### Exercise input:
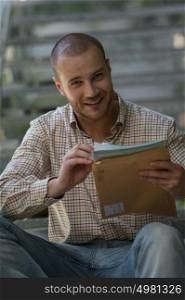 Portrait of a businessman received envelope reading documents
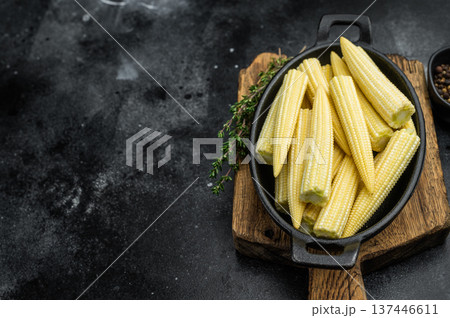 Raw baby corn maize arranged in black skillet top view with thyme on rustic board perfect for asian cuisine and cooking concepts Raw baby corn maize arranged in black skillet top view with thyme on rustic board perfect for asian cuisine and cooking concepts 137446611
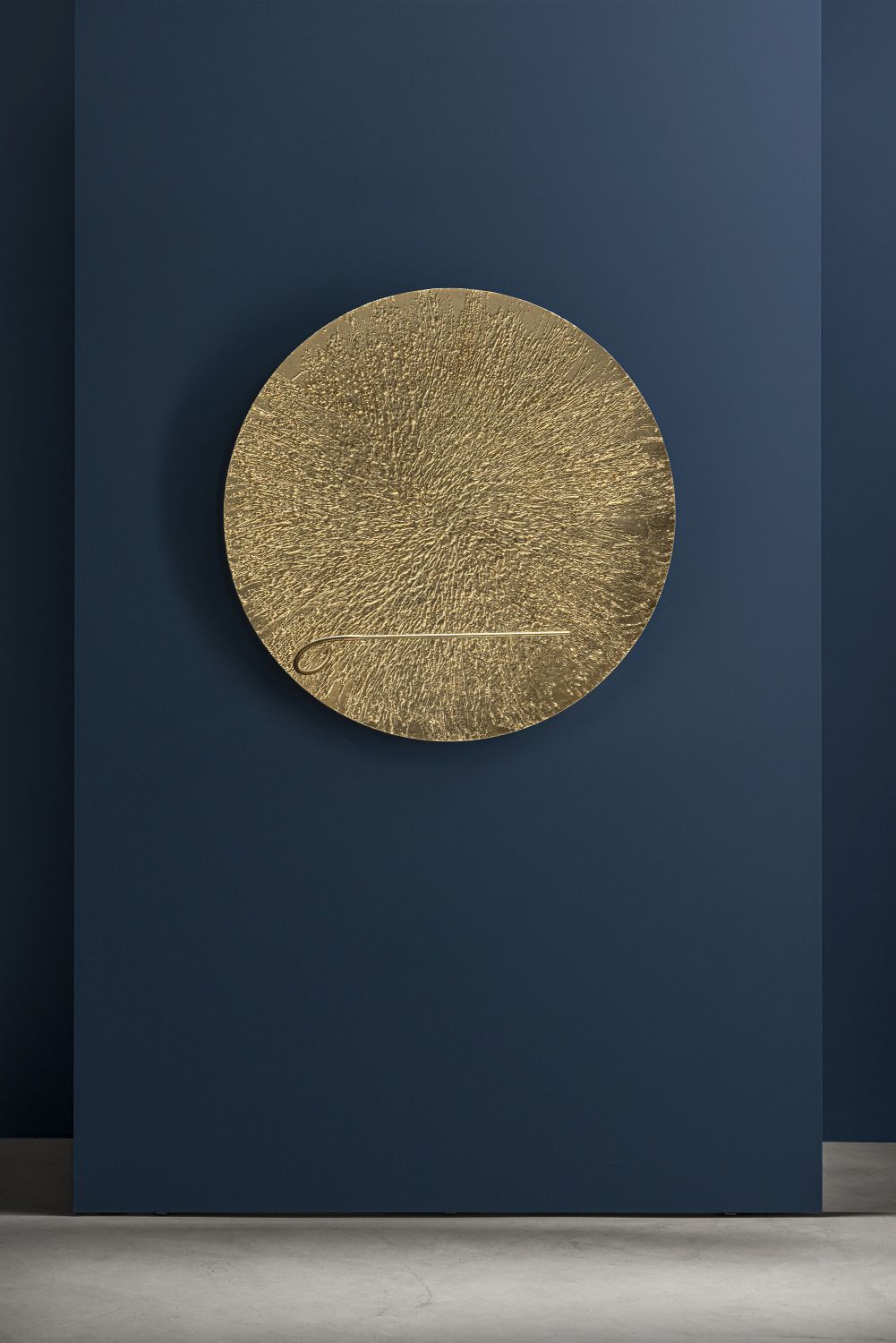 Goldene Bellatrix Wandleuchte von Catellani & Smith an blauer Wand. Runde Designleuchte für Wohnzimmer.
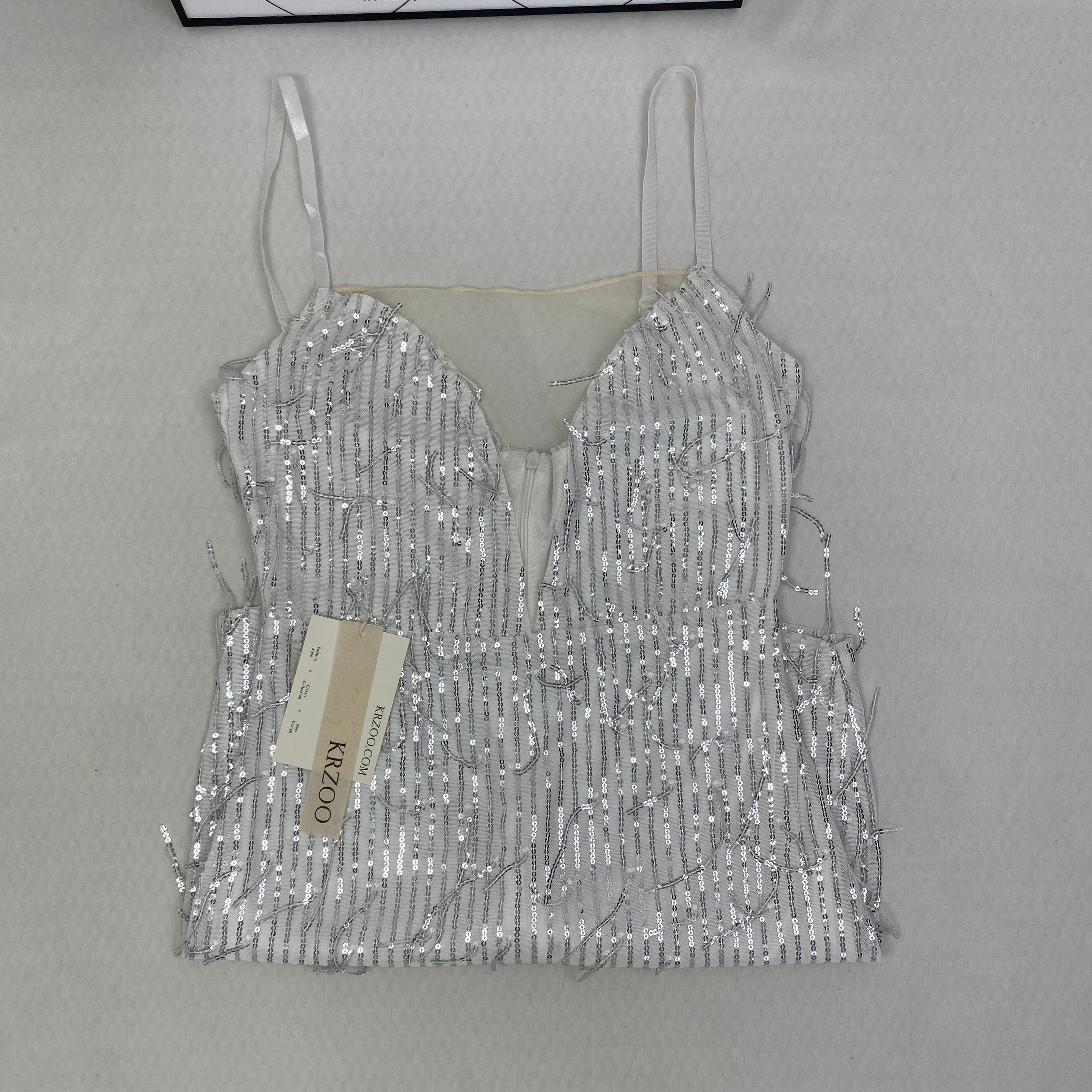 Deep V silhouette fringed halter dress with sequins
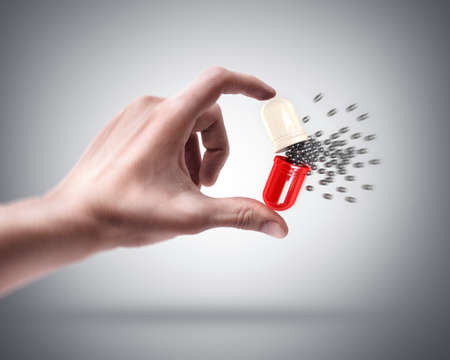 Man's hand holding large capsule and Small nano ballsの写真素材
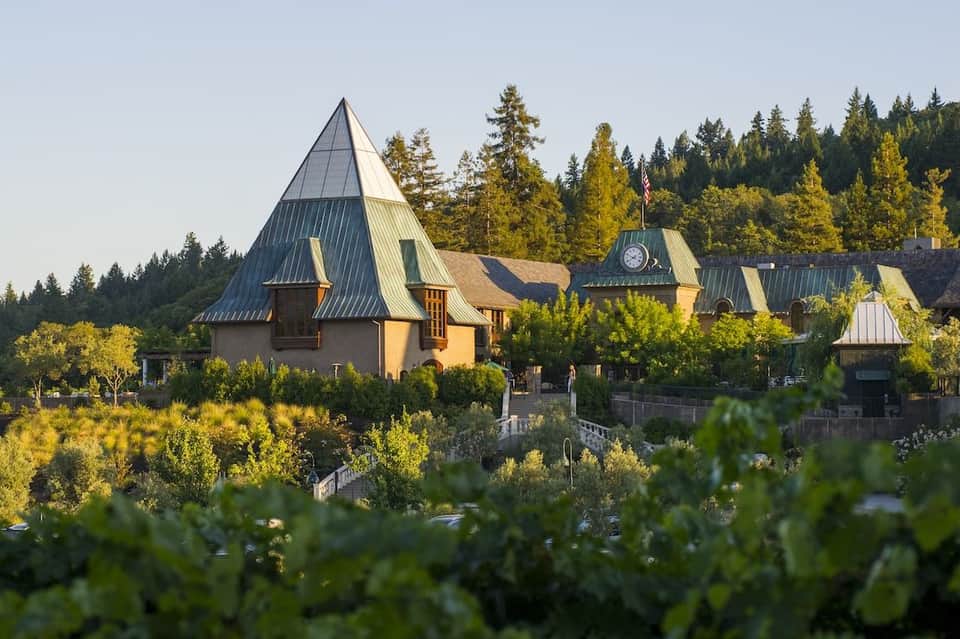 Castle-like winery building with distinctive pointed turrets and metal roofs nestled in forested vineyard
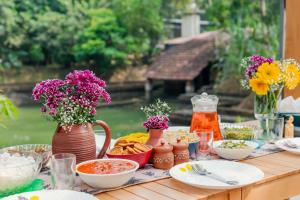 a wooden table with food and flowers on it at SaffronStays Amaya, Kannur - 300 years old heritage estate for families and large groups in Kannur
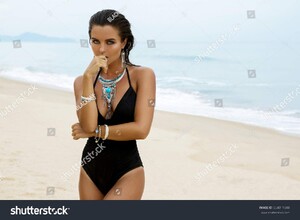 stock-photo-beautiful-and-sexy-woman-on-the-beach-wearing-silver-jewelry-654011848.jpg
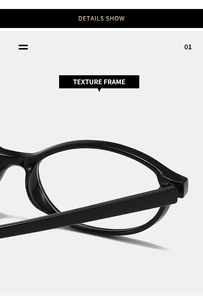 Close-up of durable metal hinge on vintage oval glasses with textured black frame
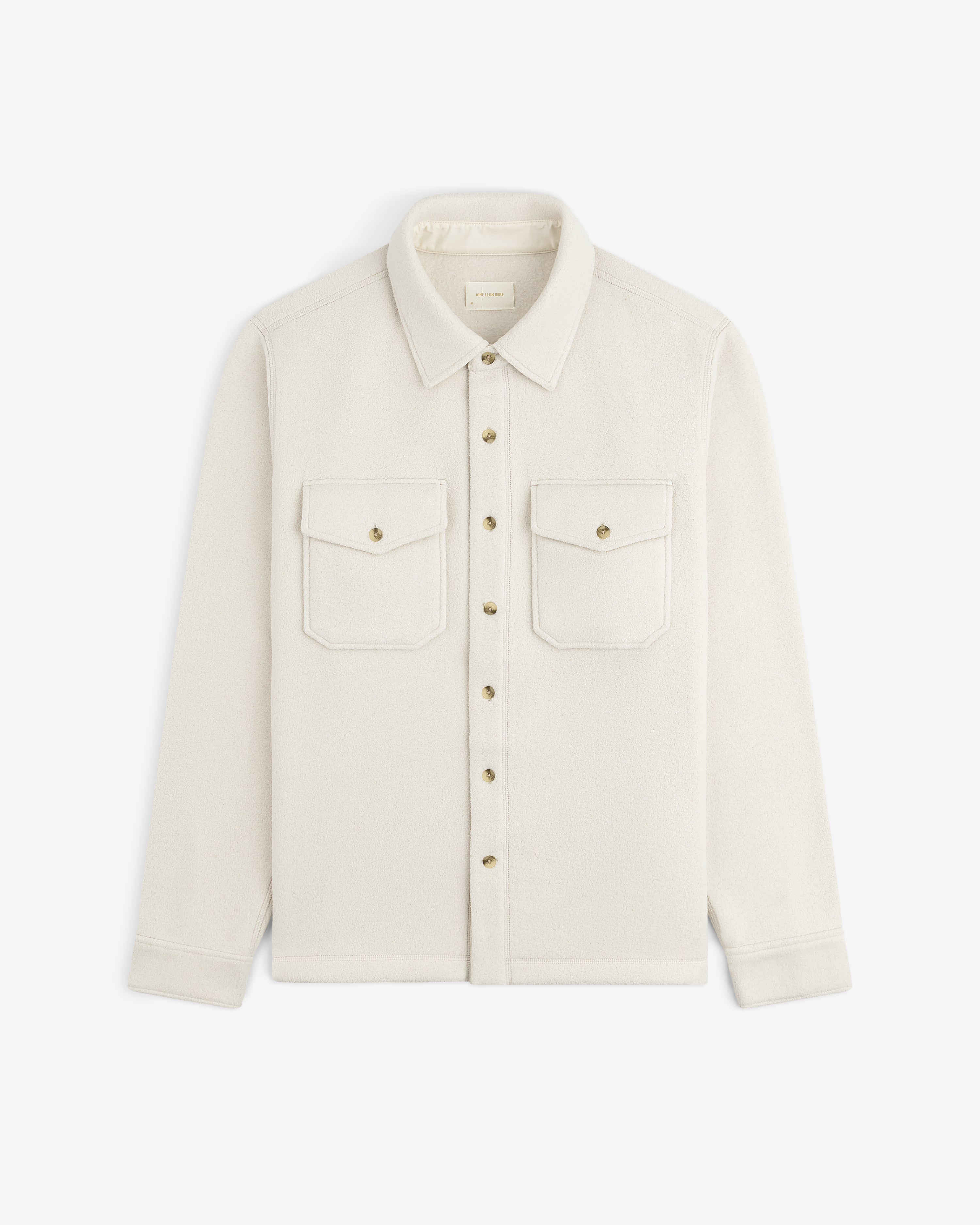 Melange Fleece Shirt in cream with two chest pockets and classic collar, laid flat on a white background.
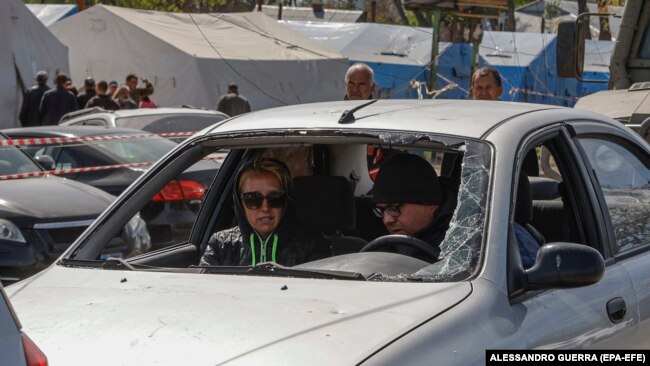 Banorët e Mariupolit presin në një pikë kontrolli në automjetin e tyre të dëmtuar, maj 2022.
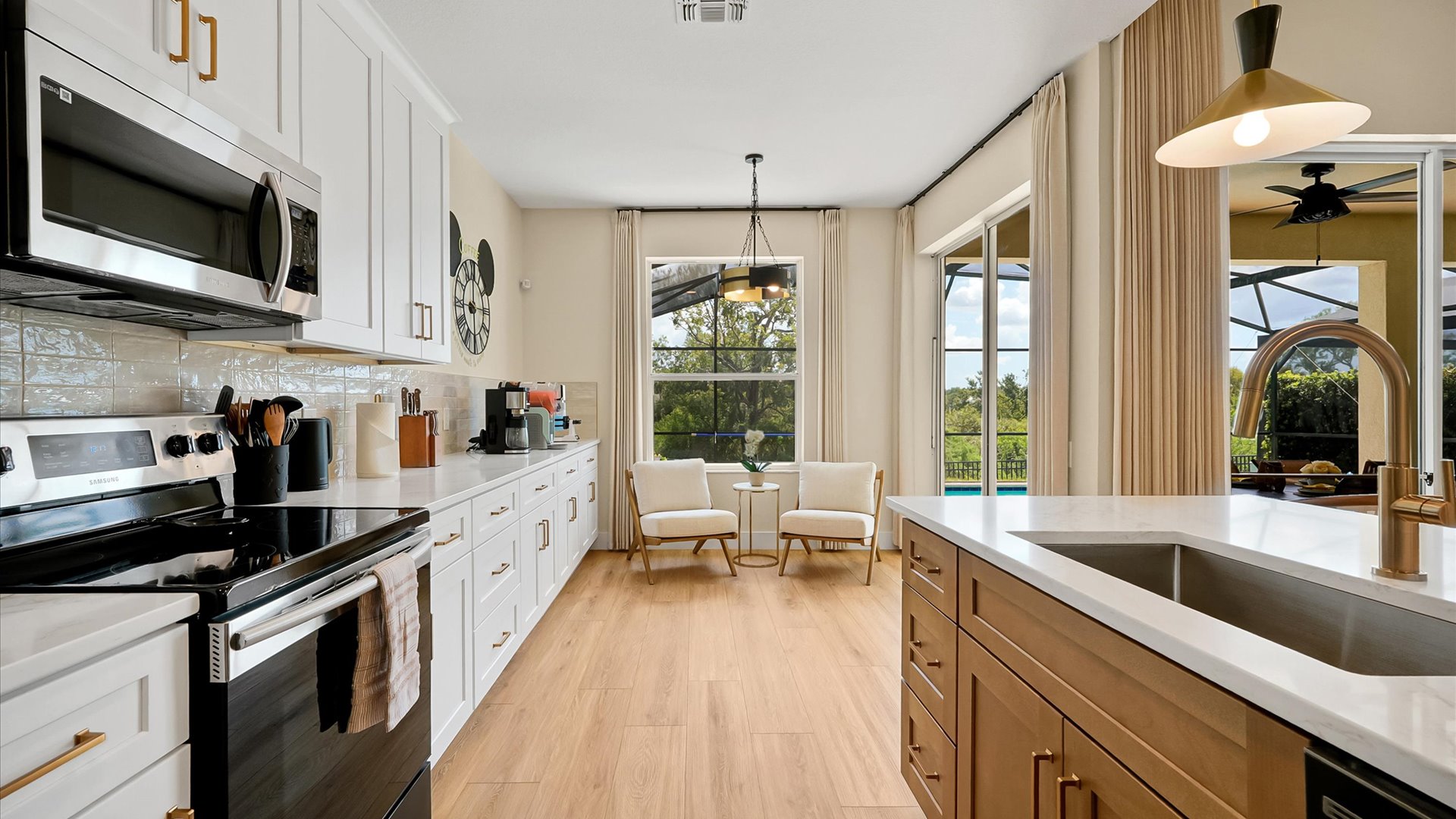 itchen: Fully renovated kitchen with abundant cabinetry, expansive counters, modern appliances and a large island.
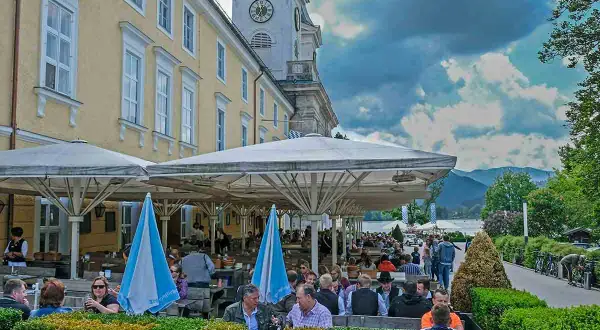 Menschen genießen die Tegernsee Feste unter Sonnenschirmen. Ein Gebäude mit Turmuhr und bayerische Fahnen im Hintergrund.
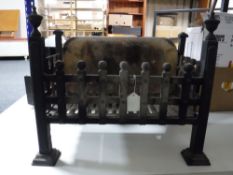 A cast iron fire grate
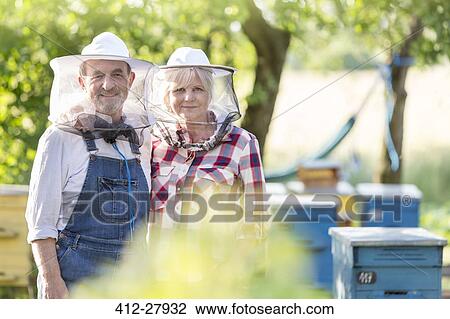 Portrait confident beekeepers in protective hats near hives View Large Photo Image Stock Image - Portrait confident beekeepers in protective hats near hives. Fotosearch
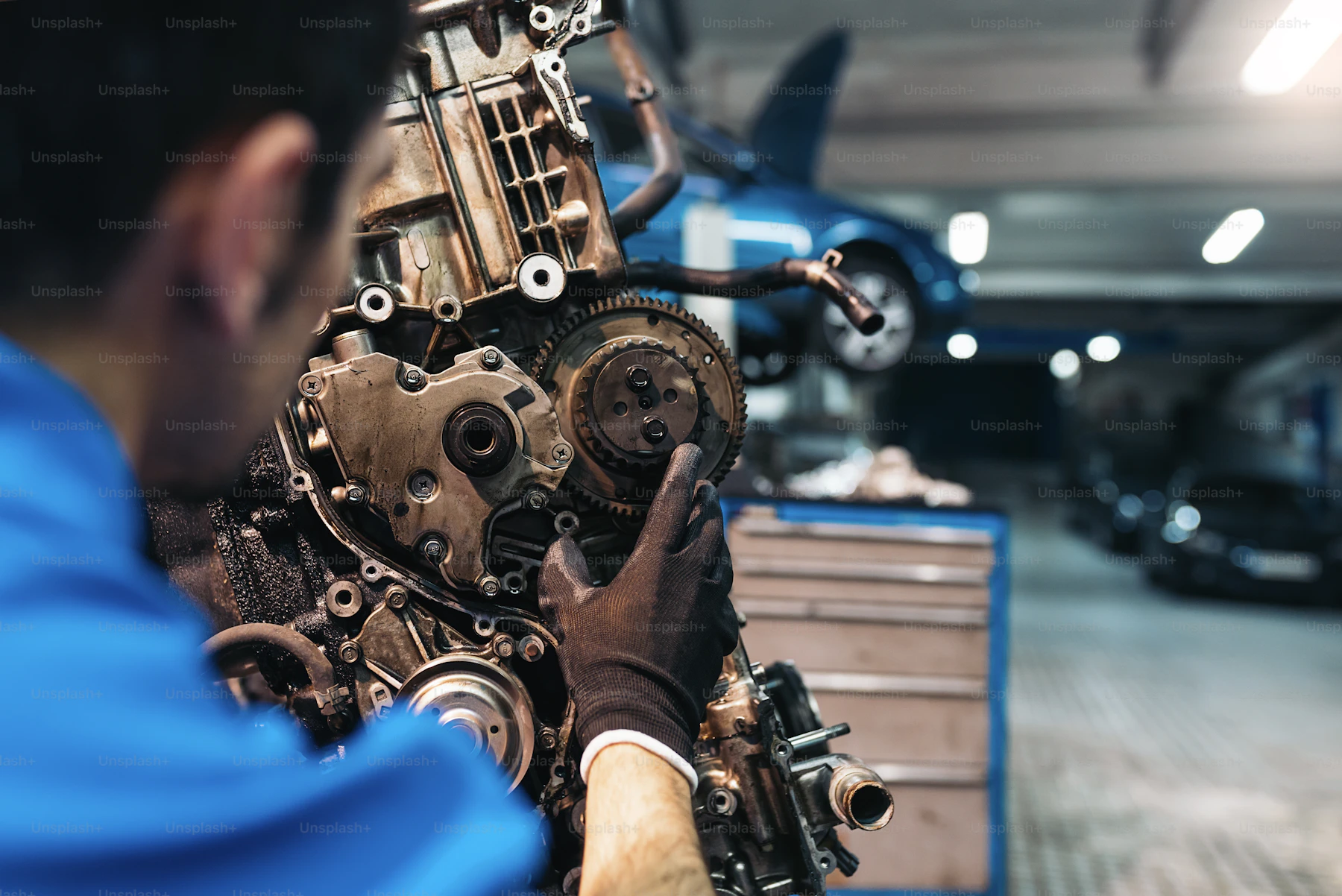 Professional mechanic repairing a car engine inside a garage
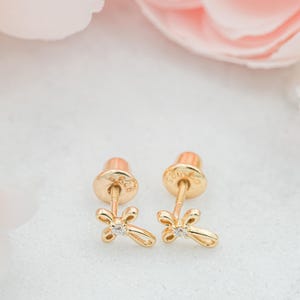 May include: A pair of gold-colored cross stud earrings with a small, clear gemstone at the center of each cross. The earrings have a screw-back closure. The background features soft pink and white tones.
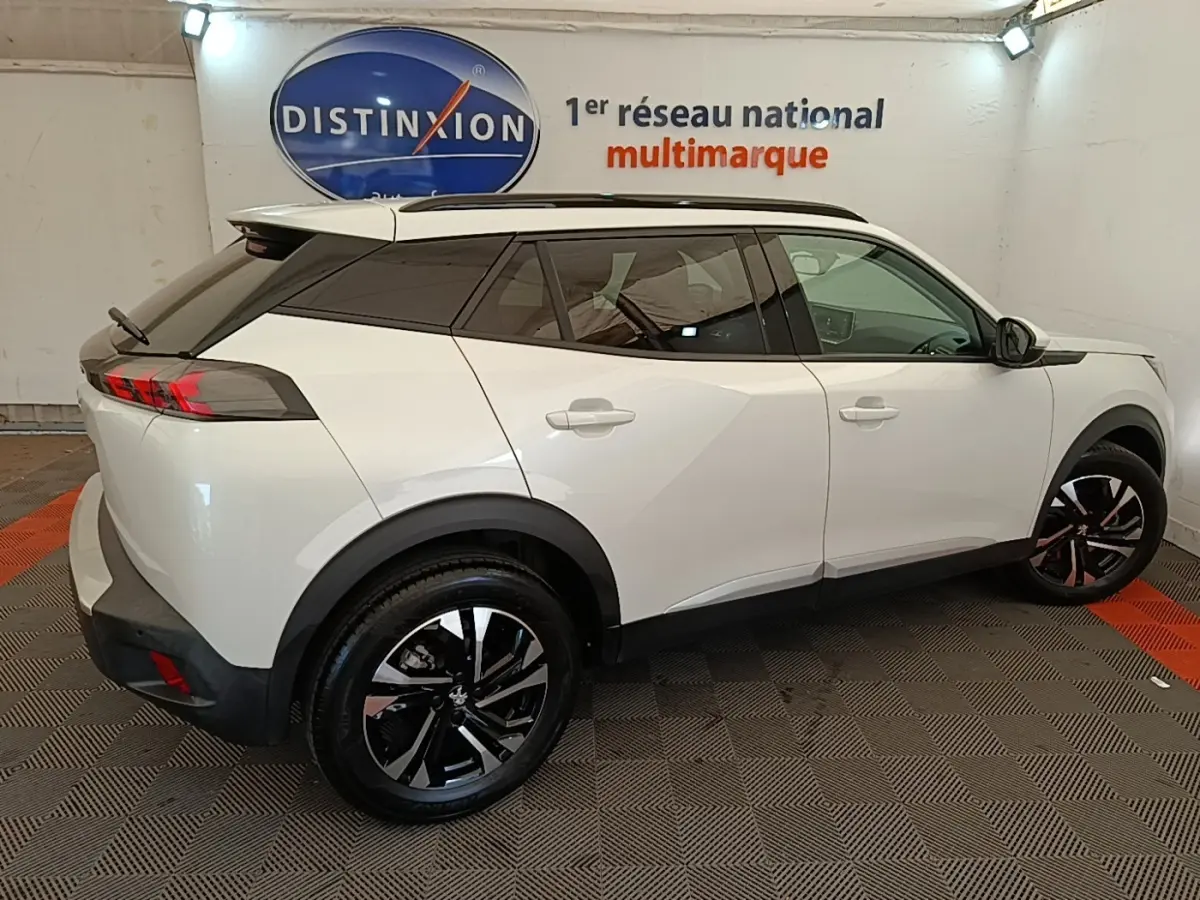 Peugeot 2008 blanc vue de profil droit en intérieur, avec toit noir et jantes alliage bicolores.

### Task directions:
Everything from the line with "Portrait confident beekeepers in protective hats near hives View" through the final line of the records above should be written out exactly, minus the pictures.

### Response area:
 Portrait confident beekeepers in protective hats near hives View Large Photo Image Stock Image - Portrait confident beekeepers in protective hats near hives. Fotosearch
 Professional mechanic repairing a car engine inside a garage
 May include: A pair of gold-colored cross stud earrings with a small, clear gemstone at the center of each cross. The earrings have a screw-back closure. The background features soft pink and white tones.
 Peugeot 2008 blanc vue de profil droit en intérieur, avec toit noir et jantes alliage bicolores.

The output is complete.